## SOURCE MATERIAL

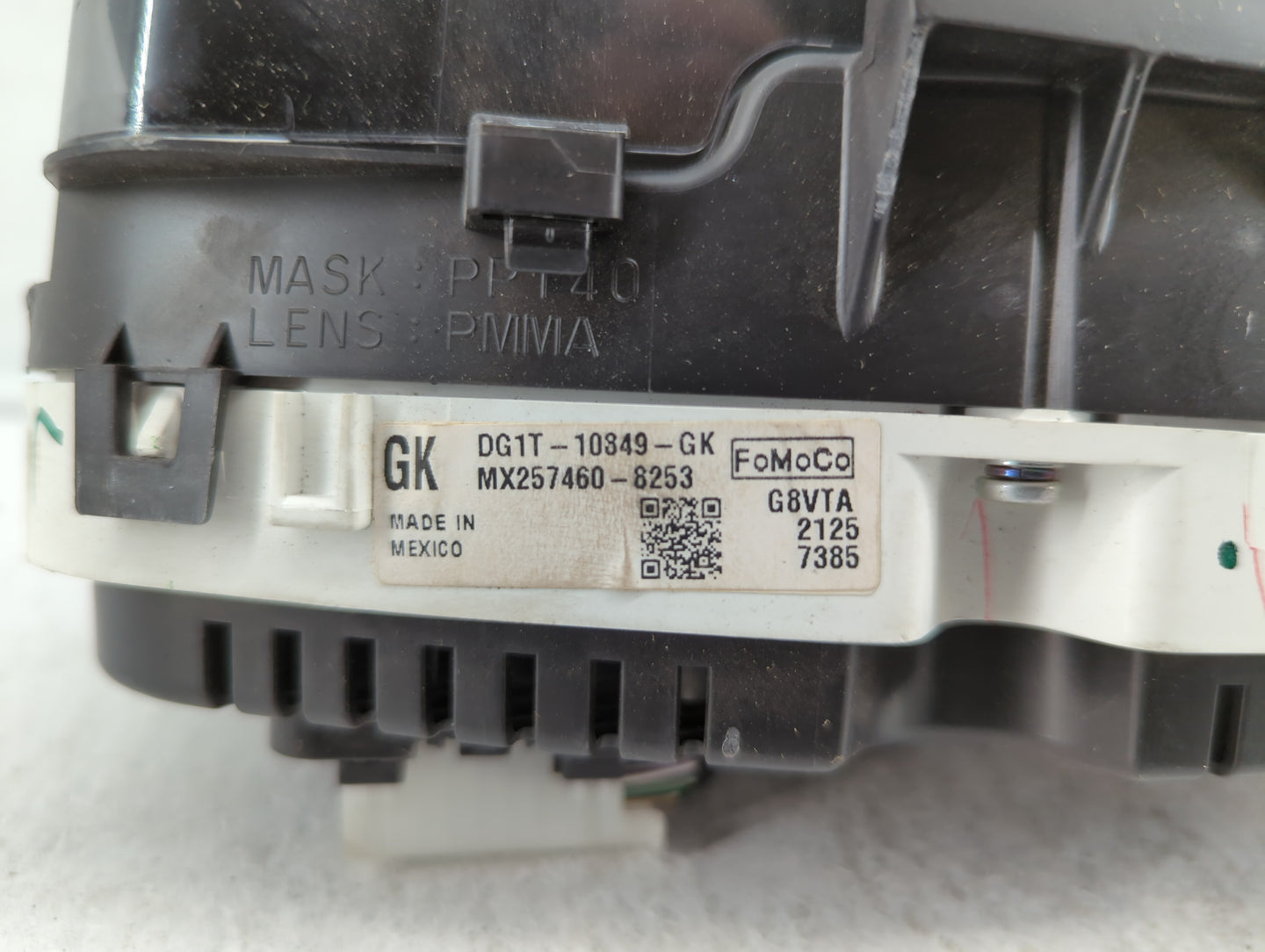 2013 Ford Taurus Instrument Cluster Speedometer Gauges P/N:DG1T-10849-GL DG1T-10849-GK, DG1T-10849-GM Fits OEM Used Auto Par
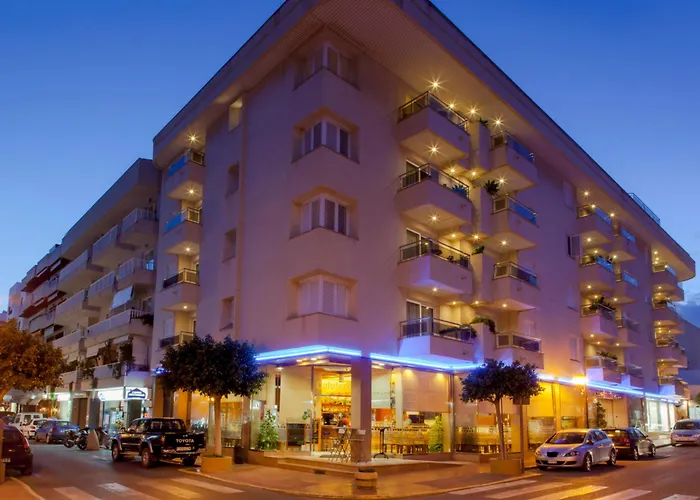 Aparthotel Duquesa Playa Santa Eulalia del Río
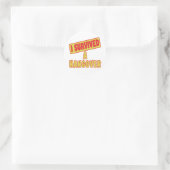 IK HEB EEN HANGOVER OVERLEVEN RONDE STICKER (Tas)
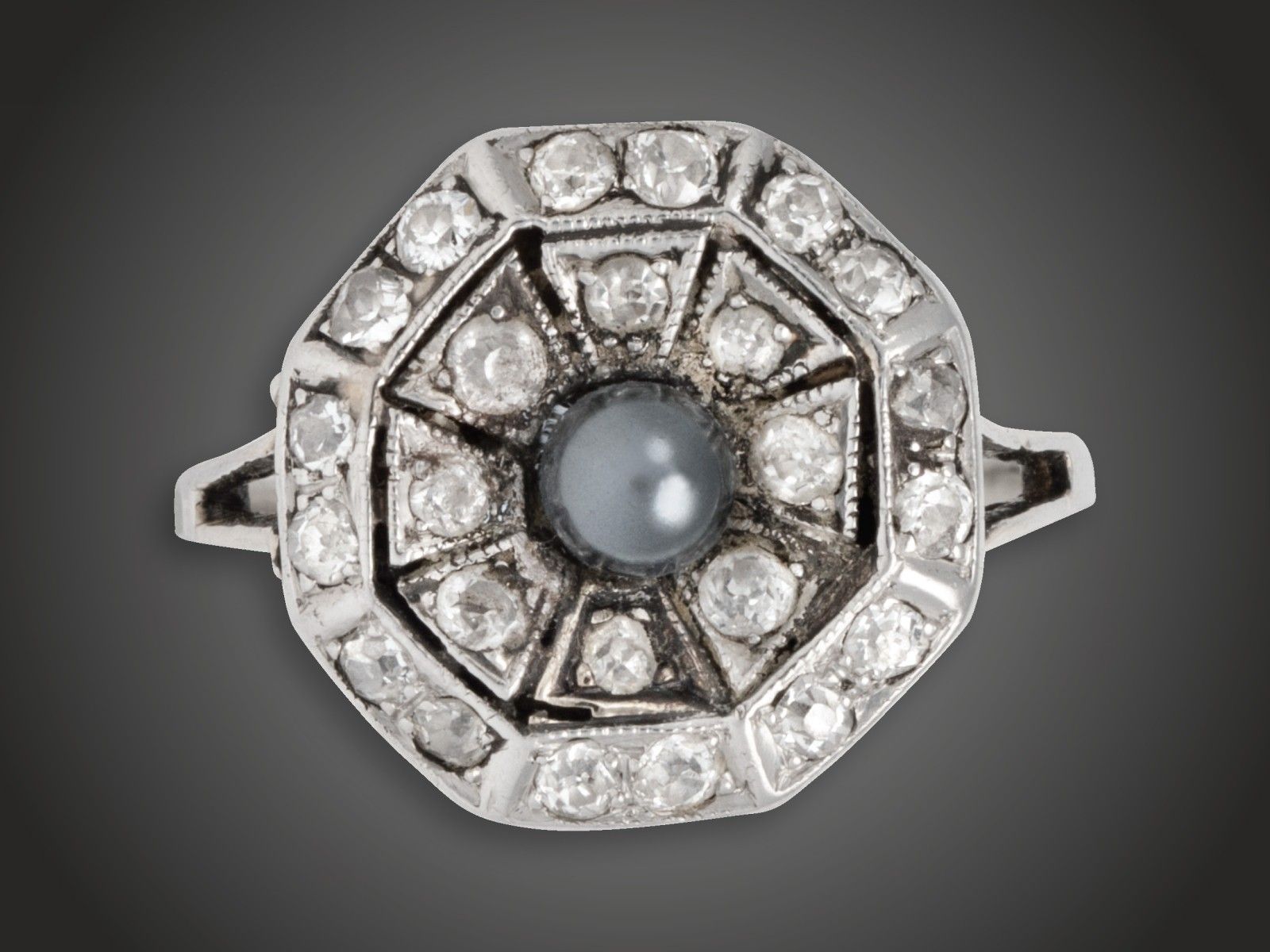 Gyűrű, 950 pt, 1 t. gyöngy, 24 bril. cca. 0,60 ct, 3,9 g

## AIM OF THE EXERCISE
When you copy the data above, reproduce each line exactly and skip every image.

## PROBLEM SOLUTION
 2013 Ford Taurus Instrument Cluster Speedometer Gauges P/N:DG1T-10849-GL DG1T-10849-GK, DG1T-10849-GM Fits OEM Used Auto Par
 Aparthotel Duquesa Playa Santa Eulalia del Río
 IK HEB EEN HANGOVER OVERLEVEN RONDE STICKER (Tas)
 Gyűrű, 950 pt, 1 t. gyöngy, 24 bril. cca. 0,60 ct, 3,9 g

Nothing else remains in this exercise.